Identify, in the records below, every line where the string "desaparecido" appears, and copy each such line.
# # # #
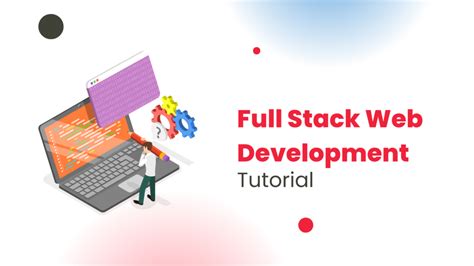 Full-Stack Web Development Tutorial 的图像结果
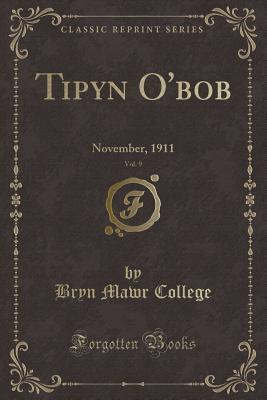 Tipyn O'bob, Vol. 9: November, 1911 (Classic Reprint)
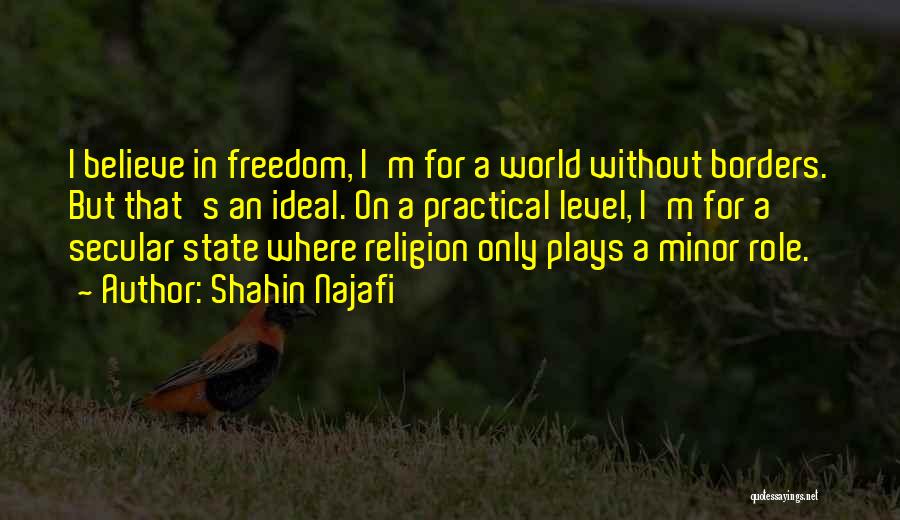 Shahin Najafi Quotes: I Believe In Freedom, I'm For A World Without Borders. But That's An Ideal. On A Practical Level, I'm For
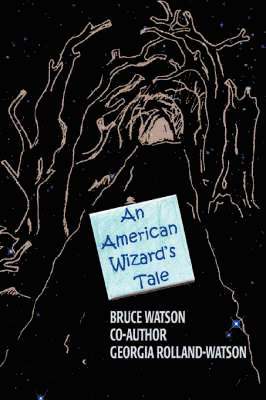 Bruce A Watson, Bruce A. Watson - American Wizard's Tale, Häftad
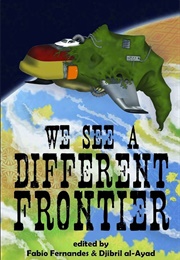 We See a Different Frontier (Fabio Fernandes)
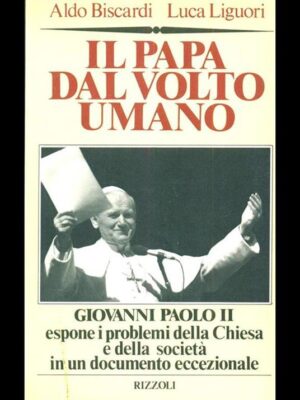 IL PAPA DAL VOLTO UMANO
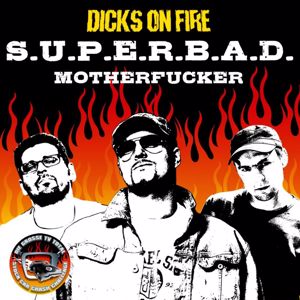 Dicks on Fire: S.U.P.E.R.B.A.D. Motherfucker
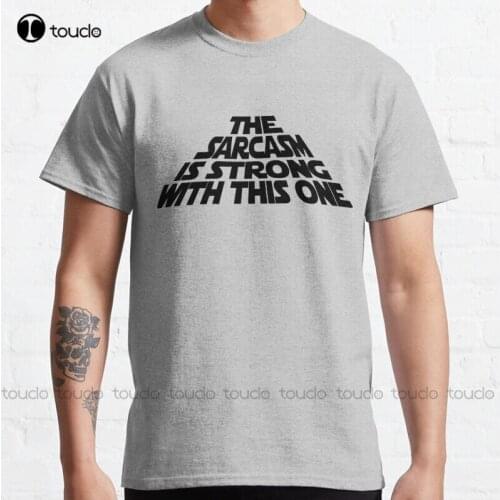 New The Sarcasm Is Strong With This One Classic T-Shirt Cotton Tee Shirt S-5Xl Unisex black shirt men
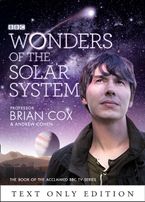Wonders of the Solar System Text Only eBook  by Professor Brian Cox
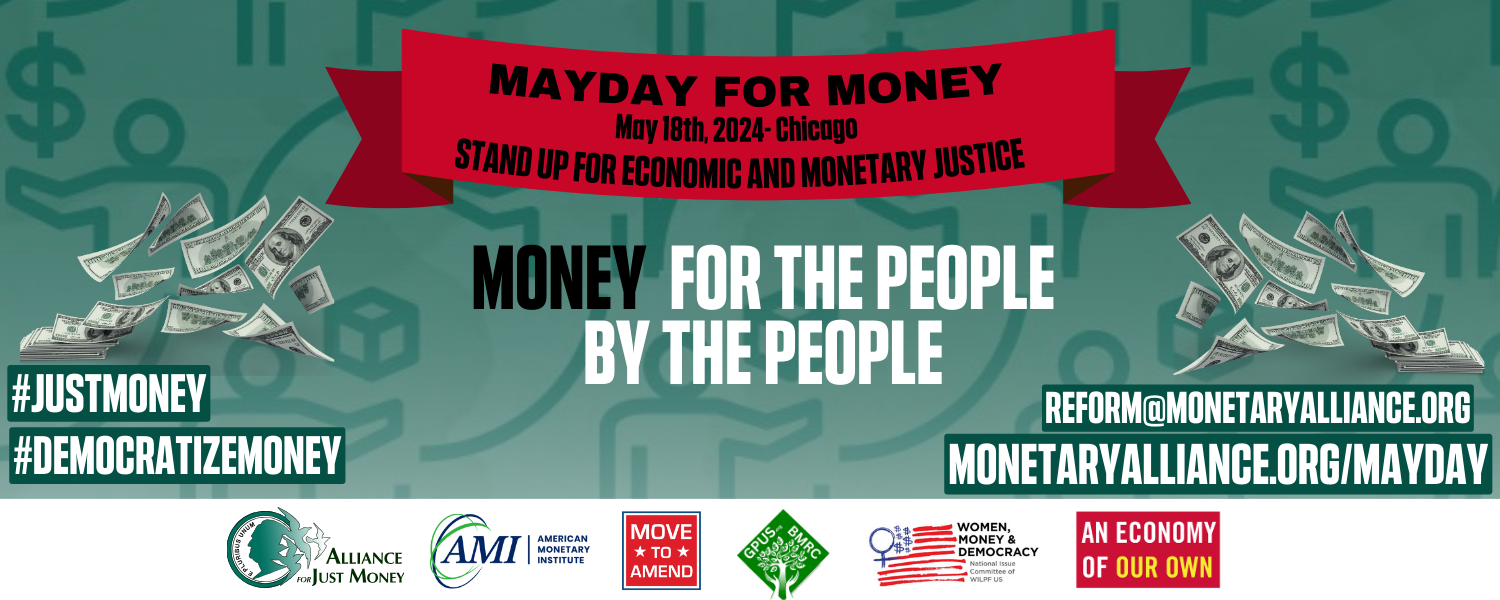 Mayday for Money stand up for economic and monetary justice money for the people by the people 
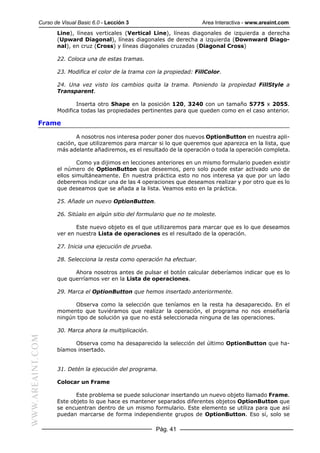 Curso de Visual Basic 6.0 - Lección 3                        Area Interactiva - www.areaint.com
                  Line), líneas verticales (Vertical Line), líneas diagonales de izquierda a derecha
                  (Upward Diagonal), líneas diagonales de derecha a izquierda (Downward Diago-
                  nal), en cruz (Cross) y líneas diagonales cruzadas (Diagonal Cross)

                  22. Coloca una de estas tramas.

                  23. Modifica el color de la trama con la propiedad: FillColor.

                  24. Una vez visto los cambios quita la trama. Poniendo la propiedad FillStyle a
                  Transparent.

                         Inserta otro Shape en la posición 120, 3240 con un tamaño 5775 x 2055.
                  Modifica todas las propiedades pertinentes para que queden como en el caso anterior.

           Frame

                         A nosotros nos interesa poder poner dos nuevos OptionButton en nuestra apli-
                  cación, que utilizaremos para marcar si lo que queremos que aparezca en la lista, que
                  más adelante añadiremos, es el resultado de la operación o toda la operación completa.

                          Como ya dijimos en lecciones anteriores en un mismo formulario pueden existir
                  el número de OptionButton que deseemos, pero solo puede estar activado uno de
                  ellos simultáneamente. En nuestra práctica esto no nos interesa ya que por un lado
                  deberemos indicar una de las 4 operaciones que deseamos realizar y por otro que es lo
                  que deseamos que se añada a la lista. Veamos esto en la práctica.

                  25. Añade un nuevo OptionButton.

                  26. Sitúalo en algún sitio del formulario que no te moleste.

                         Este nuevo objeto es el que utilizaremos para marcar que es lo que deseamos
                  ver en nuestra Lista de operaciones es el resultado de la operación.

                  27. Inicia una ejecución de prueba.

                  28. Selecciona la resta como operación ha efectuar.

                        Ahora nosotros antes de pulsar el botón calcular deberíamos indicar que es lo
                  que querríamos ver en la Lista de operaciones.

                  29. Marca el OptionButton que hemos insertado anteriormente.

                        Observa como la selección que teníamos en la resta ha desaparecido. En el
                  momento que tuviéramos que realizar la operación, el programa no nos enseñaría
                  ningún tipo de solución ya que no está seleccionada ninguna de las operaciones.

                  30. Marca ahora la multiplicación.
WWW.AREAINT.COM




                        Observa como ha desaparecido la selección del último OptionButton que ha-
                  bíamos insertado.


                  31. Detén la ejecución del programa.

                  Colocar un Frame

                         Este problema se puede solucionar insertando un nuevo objeto llamado Frame.
                  Este objeto lo que hace es mantener separados diferentes objetos OptionButton que
                  se encuentran dentro de un mismo formulario. Este elemento se utiliza para que así
                  puedan marcarse de forma independiente grupos de OptionButton. Eso sí, solo se

                                                        Pág. 41
 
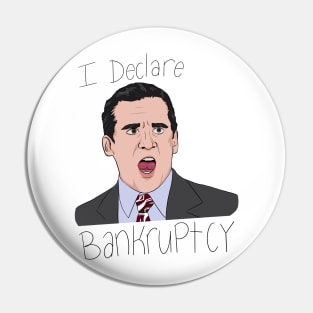 I Declare Bankruptcy Pin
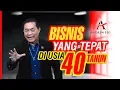 Download Lagu Bisnis Yang Tepat untuk Usia 40 Tahun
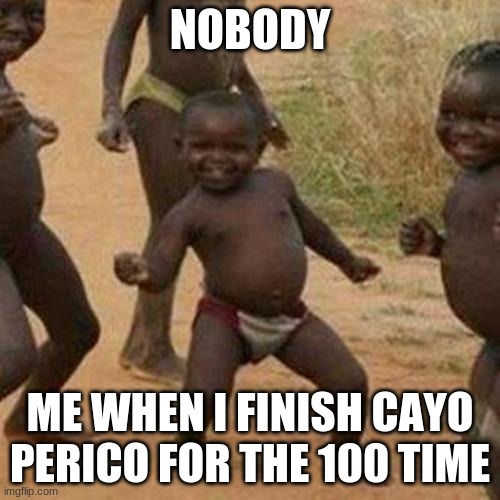Cayo Perico | NOBODY; ME WHEN I FINISH CAYO PERICO FOR THE 100 TIME | image tagged in memes,third world success kid | made w/ Imgflip meme maker
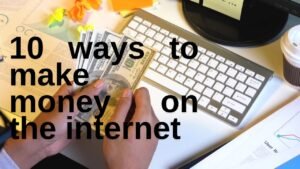 make money on the internet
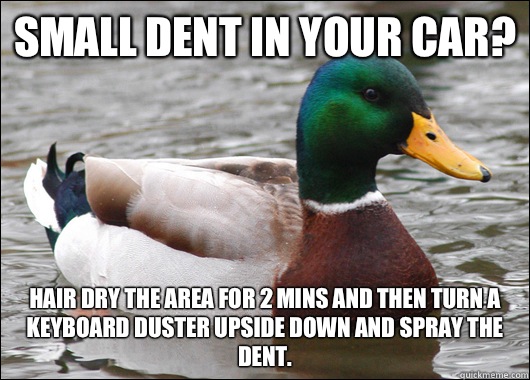 Small dent in your car?  Hair dry the area for 2 mins and then turn a keyboard duster upside down and spray the dent.   Actual Advice Mallard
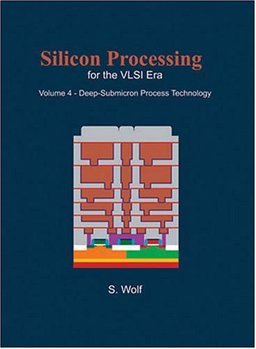 Silicon Processing for the VLSI Era Vol. 4 : Deep-Submicron Process Technology  9780961672171 Front Cover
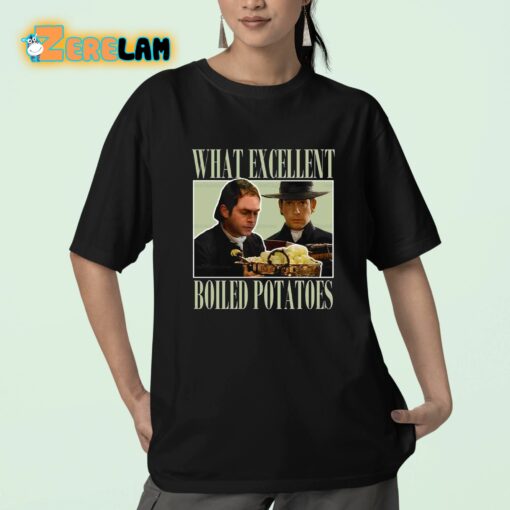 Vintage What Excellent Boiled Potatoes Shirt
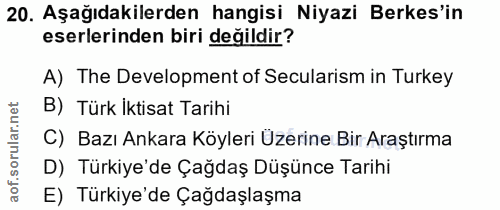 20. soru: Aşağıdakilerden hangisi Niyazi Berkes'in eserlerinden biri değildir? A) The Development of Secularism in Turkey B) Tü…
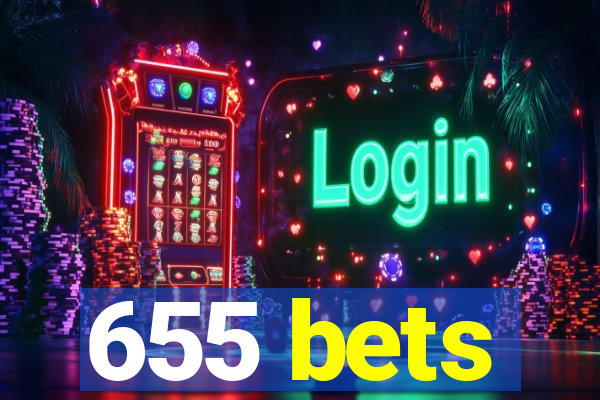 655 bets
# # # #
* _Exercise solution_
                        Observa como la selección que teníamos en la resta ha desaparecido. En el
                        Observa como ha desaparecido la selección del último OptionButton que ha-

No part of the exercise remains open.